Transactions can also use two installments. In that arrangement, the factoring company deposits up to 90% as a first installment. The remaining 10% is kept as a reserve. Once the shipper pays the invoice in full, the factor deposits the remaining 10% less their fee.

An important advantage of freight factoring is that this solution is easy to get. Most new carriers can easily qualify. The most important requirements to qualify are to:

  • Have a fmcsa authority
  • Have quality invoices that are free of liens
  • Be free of major problems

The solution is very flexible. Your line can increase as your business grows. When used correctly, factoring can be a great financial tool to grow your trucking company.

c) Take advantage of fuel advances

One of the challenges you encounter when cash flow is tight is paying for fuel. This matter is serious because without fuel, you cannot work. If factoring cannot solve this problem, consider using a fuel advance.

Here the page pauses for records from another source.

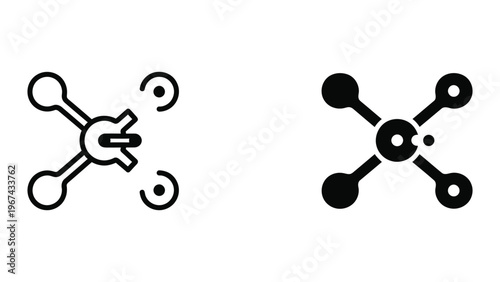 Contrast between traditional and modern network topology diagrams with central nodes and connections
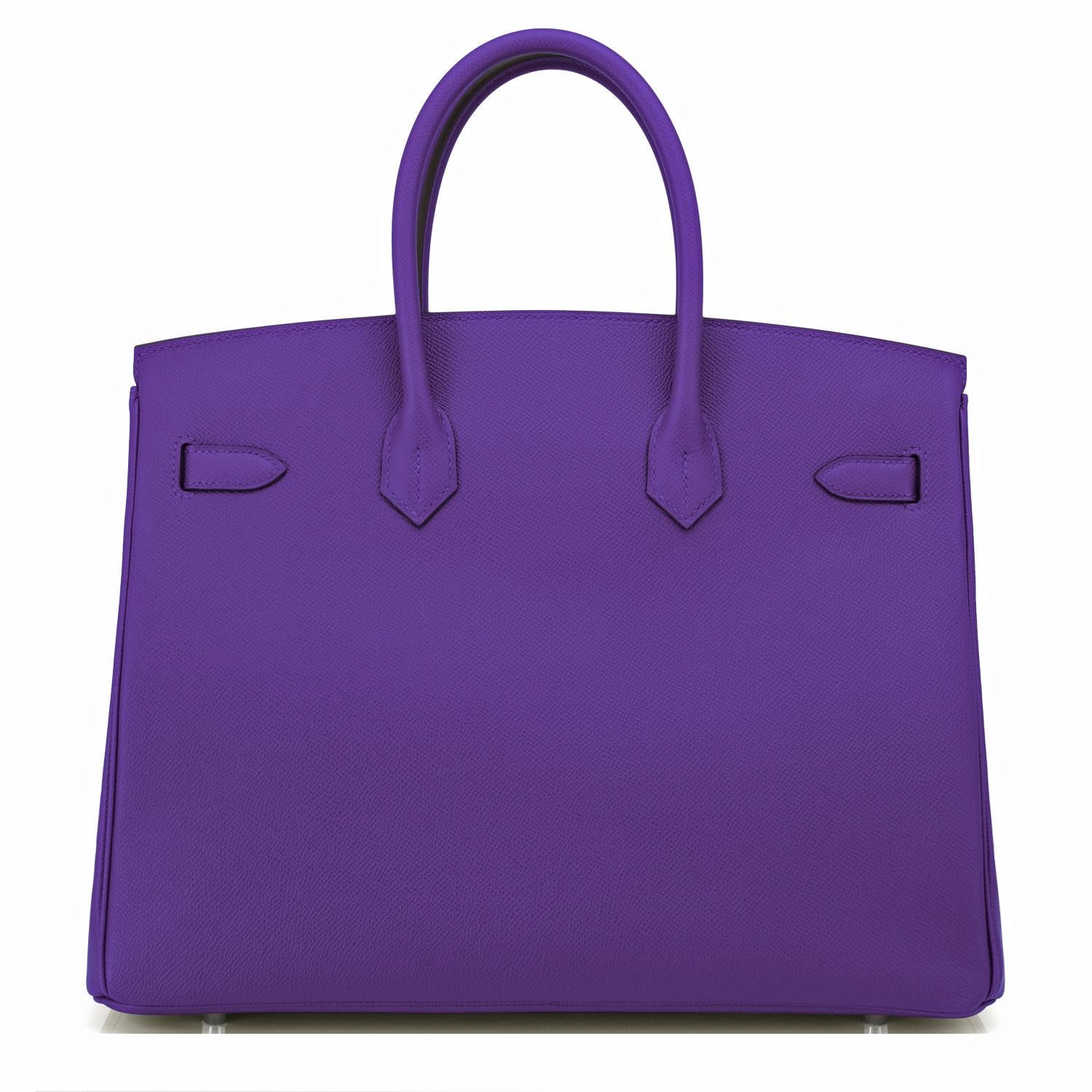 Women's or Men's Hermes Birkin 35cm Crocus Deep Purple Epsom Bag Palladium Hardware NEW RARE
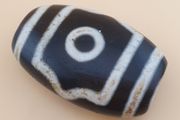 Vintage 3 Eyes Himalayan Tibetan Agate Dzi Bead Amulet
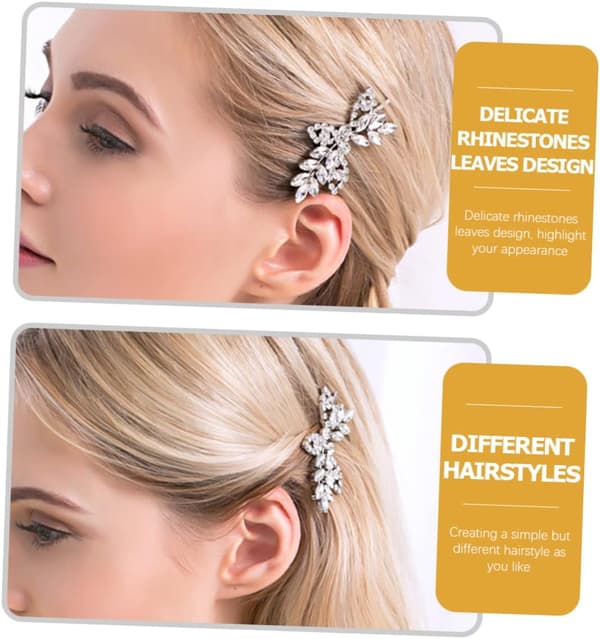 4 stk. hårspænder til kvinder Rhinestones Side Hårnål Blade Design Hårtilbehør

Fuel advances are a benefit offered by some factoring companies. A fuel advance provides you with funds to pay for fuel and other expenses before delivering a load. Fuel advances can be a great resource if you are in a bind.

To get the advance, you must provide the factor with proof that the load has been booked and/or picked up. This proof varies by factor. While fuel advances have important benefits, they are also expensive. It’s best to use them strategically.

Lastly, keep in mind you have some control over fuel costs. You must understand how IFTA works in relation to diesel prices along your chosen lanes. Then plan your route and refuel accordingly. This strategy can help ensure you get the cheapest diesel price, which reduces your need for fuel advances.

5. Conclusion

Launching a new trucking carrier can be profitable if you follow the right strategy, service the right market, use financing carefully, provide a good service, and develop good shipper relationships. Lastly, work with a CPA or similar expert to help you run the numbers and ensure you have a solid business.